- Type: NHS foundation trust
- Established: 21 December 1990
- Headquarters: Hillingdon, London, England
- Hospitals: Hillingdon Hospital; Mount Vernon Hospital;
- Staff: 4,005 (2023/24)
- Website: www.thh.nhs.uk

= The Hillingdon Hospitals NHS Foundation Trust =

NHS foundation trust in North West London

The Hillingdon Hospitals NHS Foundation Trust is an NHS foundation trust responsible for the healthcare services provided at Hillingdon Hospital and Mount Vernon Hospital in the London Borough of Hillingdon.

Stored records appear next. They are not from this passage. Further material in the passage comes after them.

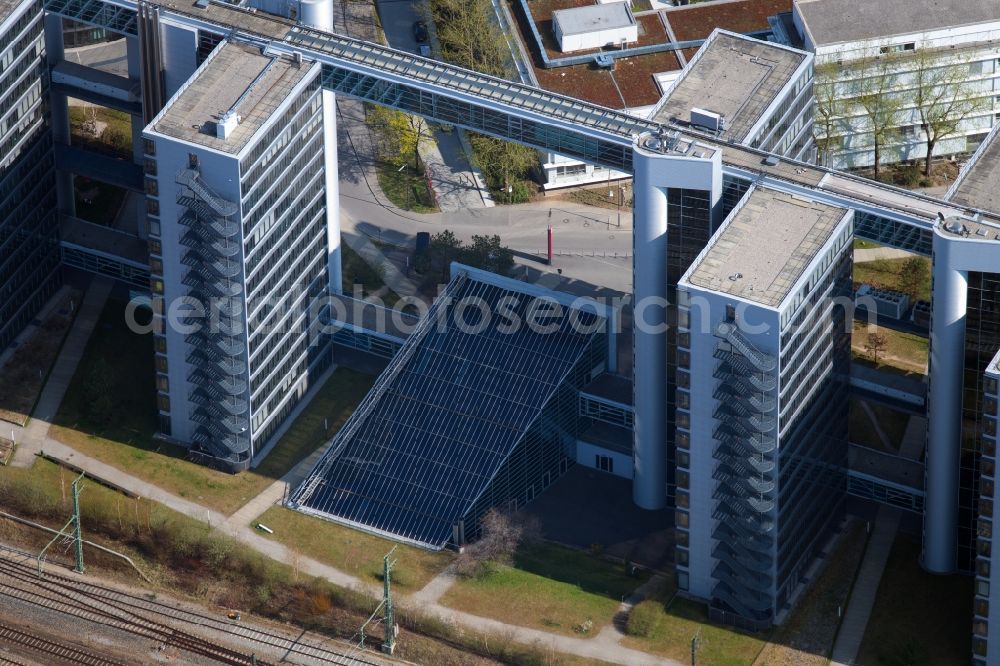 Aerial photograph München - Office building of the administrative and commercial building Ten Towers on Dingolfinger Strasse in the district of Berg am Laim in Munich in the state Bavaria, Germany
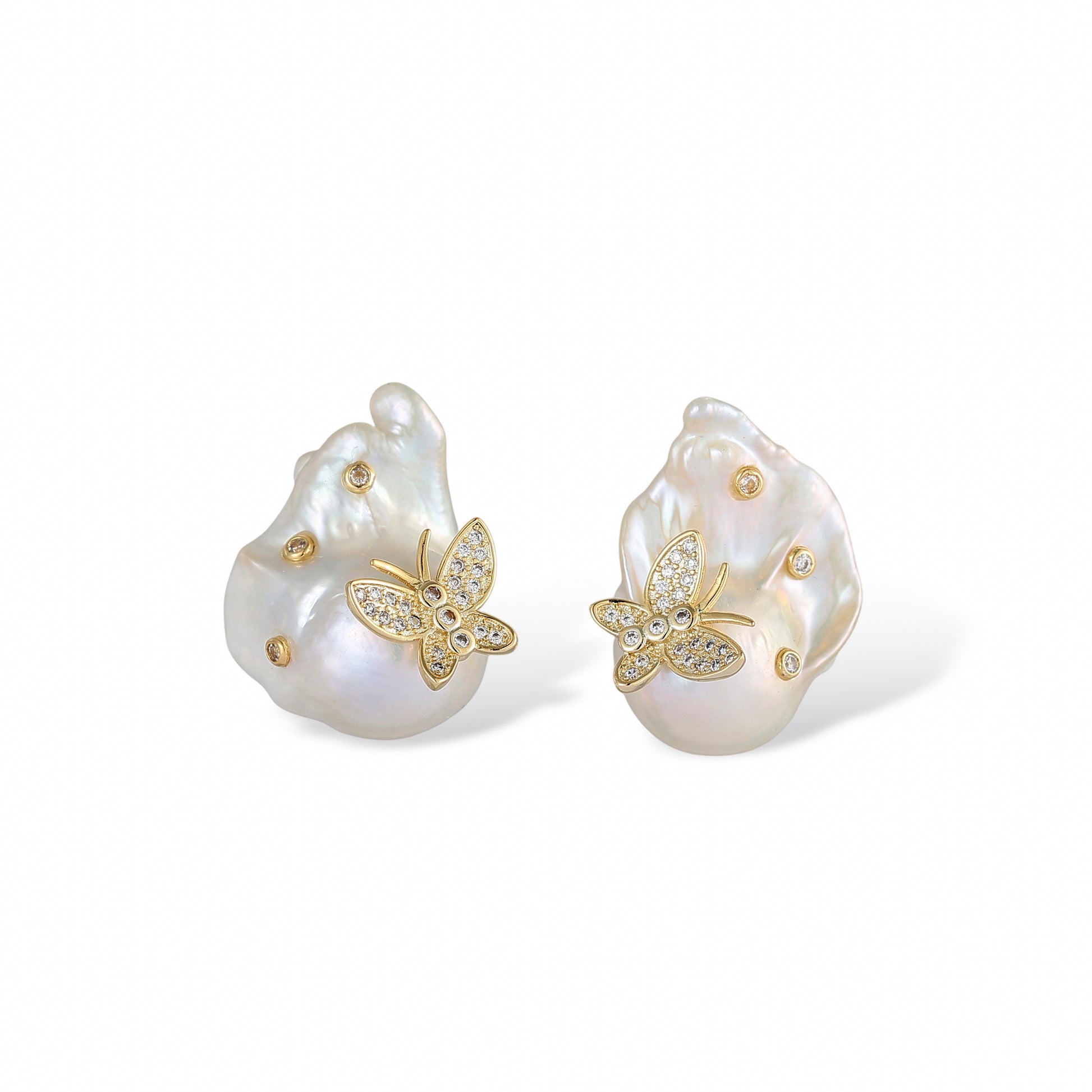 Douceur Baroque Butterfly Pearl Stud Earrings
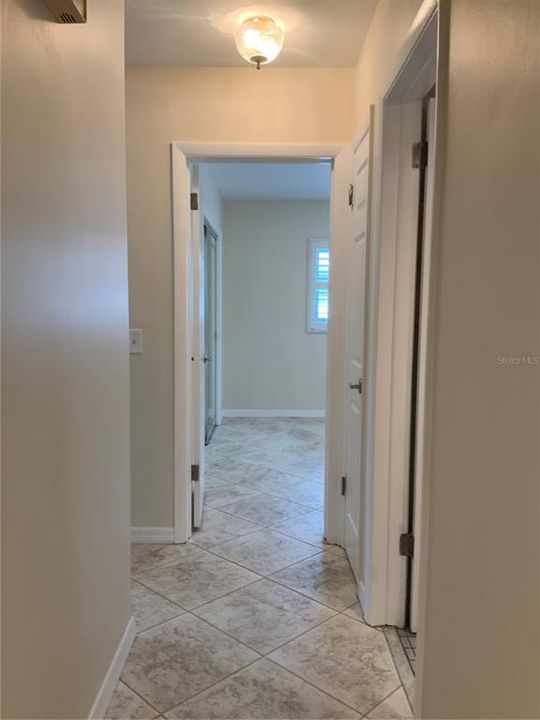 Active With Contract: $2,900 (2 beds, 2 baths, 1301 Square Feet)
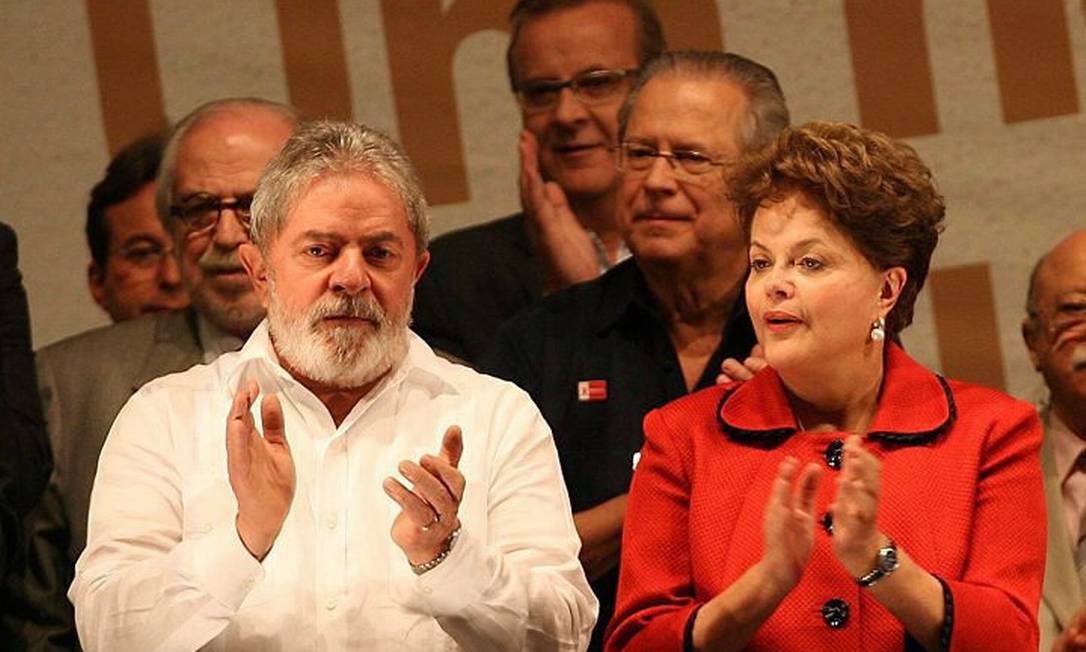 Lula, Dilma e José Dirceu no Congresso do PT, em Brasília - Foto de Gustavo Miranda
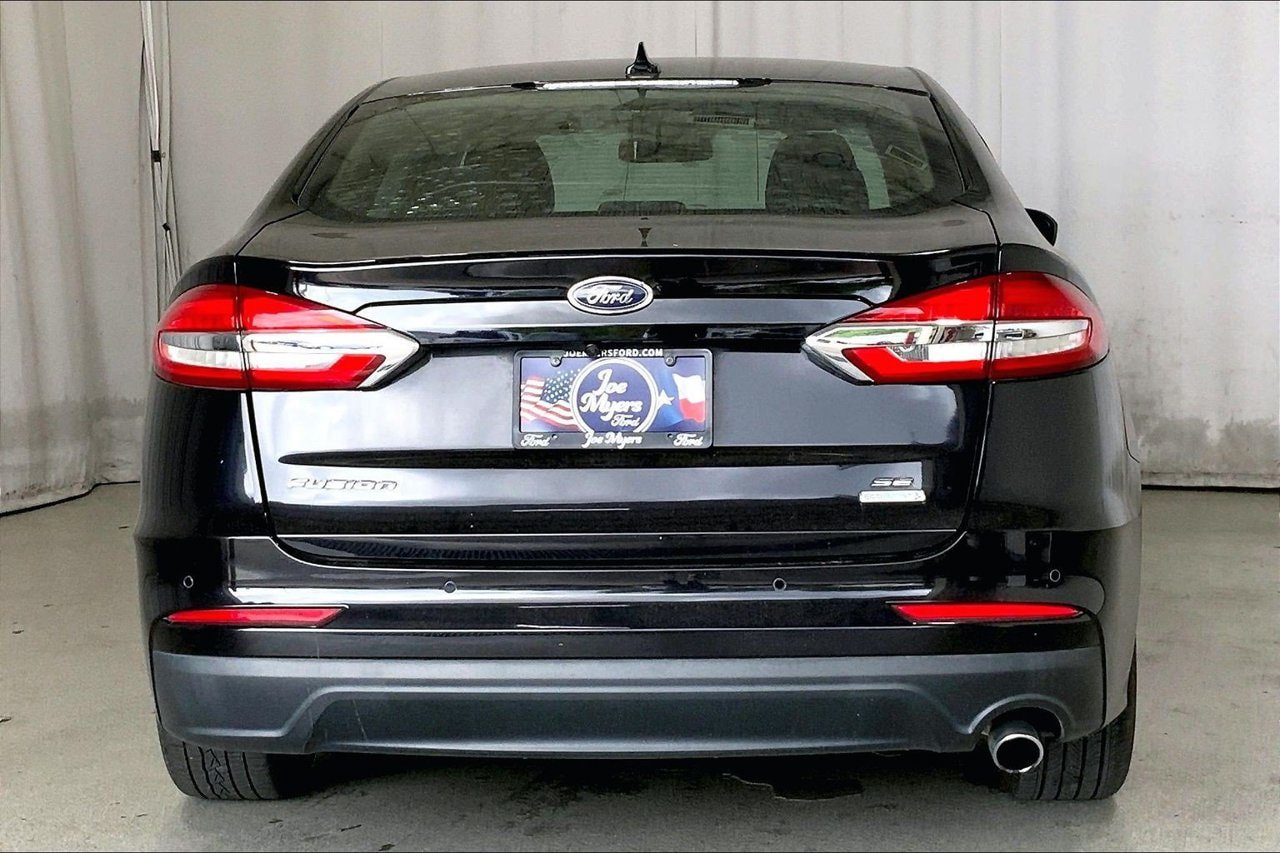Used 2019 Ford Fusion SE FWD image 4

The trust is part of Imperial College Health Partners.

== History ==
The trust was established as The Hillingdon Hospital NHS Trust on 21 December 1990, and became operational on 1 April 1991. It became an NHS foundation trust on 1 April 2011.

==Finance==

The Trust recorded a deficit of £1 million in 2012-13 but predicted a break even position in 2013–14.

==Quality==

The Care Quality Commission rated the trust as 'requires improvement' following a five-day inspection in October 2014. They were concerned at staffing levels and said the trust was not complying with infection prevention and control standards.

==Performance==
In May 2015 the trust experienced a network infrastructure failure which required A&E attendances to be diverted to other nearby hospitals and delayed patient discharges. The trust spent £13.5 million on agency staff in 2014/5.

It was named by the Health Service Journal as one of the top hundred NHS trusts to work for in 2015. At that time it had 2608 full time equivalent staff and a sickness absence rate of 3.5%. 65% of staff recommend it as a place for treatment and 65% recommended it as a place to work.

In October 2016 only 56.7% of main A&E patients at the trust were seen within four hours — the worst performance in the country. 5,300 patients a month attend the department, which was designed for 2,500. The trust said "The sheer volume of patients being seen in the space available means it is difficult to manage the swift flow of patients." In March 2018 it was the second worst performer in England, with only 48.7% of patients in the main A&E seen within 4 hours, and 11 waiting more than 12 hours from the decision to admit to actual admission to a ward.